For 6½ years, one of the core criticisms of the New Mexico Public Education Department’s reforms has been that it was run by someone who had never taught in a classroom. Whether the battle was over school funding, school grades, teacher evaluations or standardized testing, detractors of Hanna Skandera’s data-driven approach often came back to the fact she had never been a teacher and thus could never understand how her policies played out in real life.
Last week, that criticism dried up as fast as a puddle on a New Mexico sidewalk in June.
Acting PED Secretary Christopher Ruszkowski, a product of Chicago’s public schools, taught social studies for two years at a public middle school in Miami, where his students were primarily Haitian immigrants. He taught English for a year to seventh-graders at a charter school in Boston. Granted, three years of teaching is not a career – but it does mean he has clearly been in a classroom setting. And in each setting he led his students to significant gains and ensured at least 80 percent of his students had mastered the subject he was entrusted with teaching.
He says he moved into the policy side because he was frustrated that teachers who wanted to grow were not given the encouragement or tools to do so – and he wanted to help make that happen.
He earned a master’s in education and spent nearly six years with the Delaware education department, earning accolades from former bosses including the Democratic governor.

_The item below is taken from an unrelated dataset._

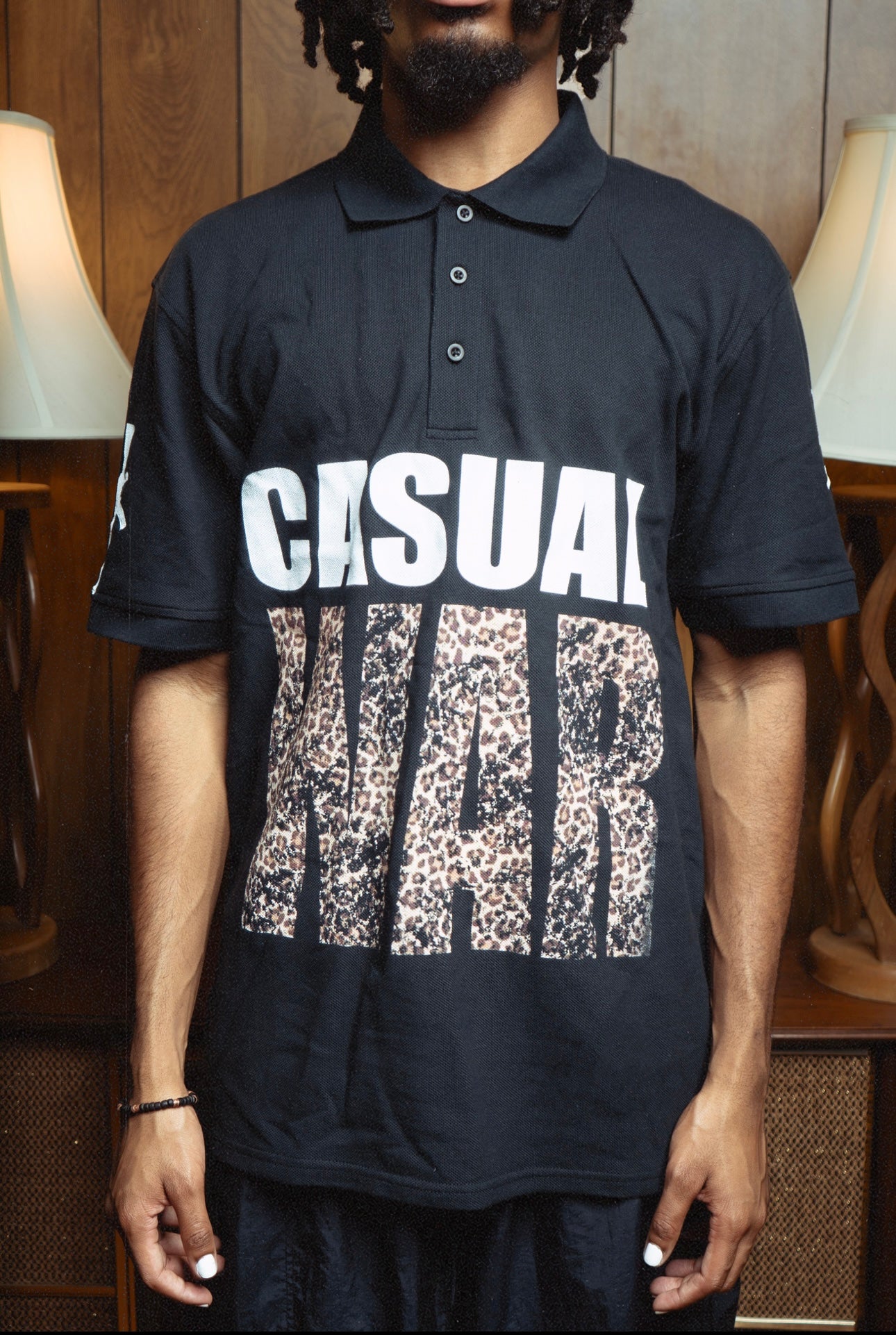 "War" Polo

Now, he plans to continue Skandera’s reforms, while making adjustments as needed. He has been with NMPED for a year as deputy secretary of policy and program, overseeing everything from Pre-K expansion to truancy and dropout coaches to PARCC testing to school grades. He helped craft the state’s plan under the Every Student Succeeds Act, the successor to No Child Left Behind and its subsequent waiver.

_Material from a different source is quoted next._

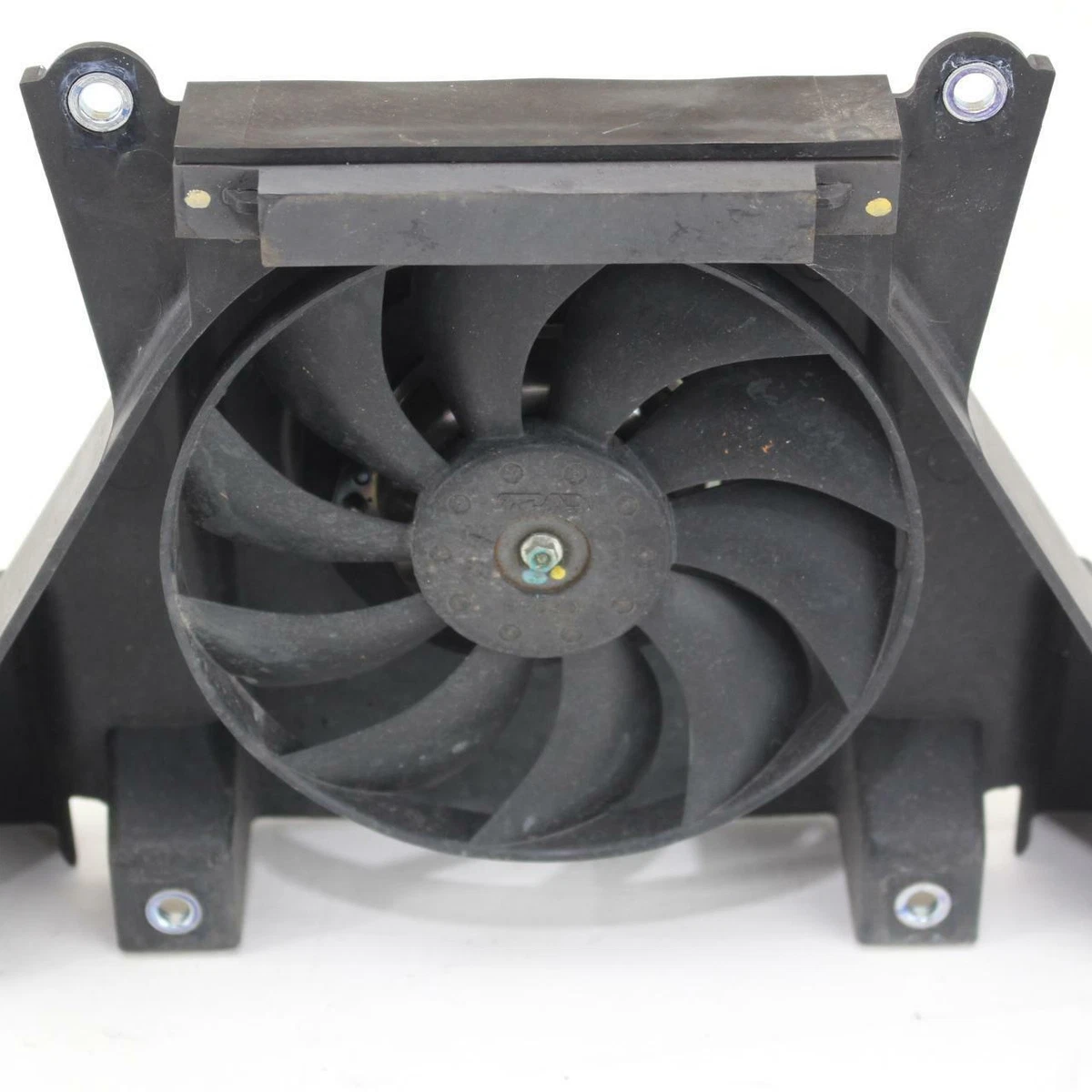 13-17 KAWASAKI NINJA 300 OEM ENGINE RADIATOR COOLING FAN 59502-0050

And because Ruszkowski has been on both sides of the equation – and in fact has helped mentor teachers since 2004 – it is important those naysayers in the “Skandera never taught” camp take him up on his open invitation to have a dialogue about specific solutions for improving New Mexico’s perennial 49th-place ranking when it comes to education. And, in particular, be open to replicating successes elsewhere.
Let’s hope Albuquerque Public Schools takes him up on that invitation. New Mexico’s largest district, which is responsible for educating a third of the state’s students, has been reluctant to take advantage of many of the programs PED rolls out and has seen its student gains pale in comparison to districts that have.
Ruszkowski has certainly proved he is approachable – he’s the guy who helped organize 25 public events last year where PED gathered comments from parents, teachers, administrators and interested citizens on the state’s plan to comply with the federal ESSA. And he worked with the Teach Plus New Mexico Policy Fellows, a group of 15 educators from around the state that suggested changes to some PED policies, including its teacher evaluation system. Ultimately, the PED adopted eight of the group’s 11 recommendations.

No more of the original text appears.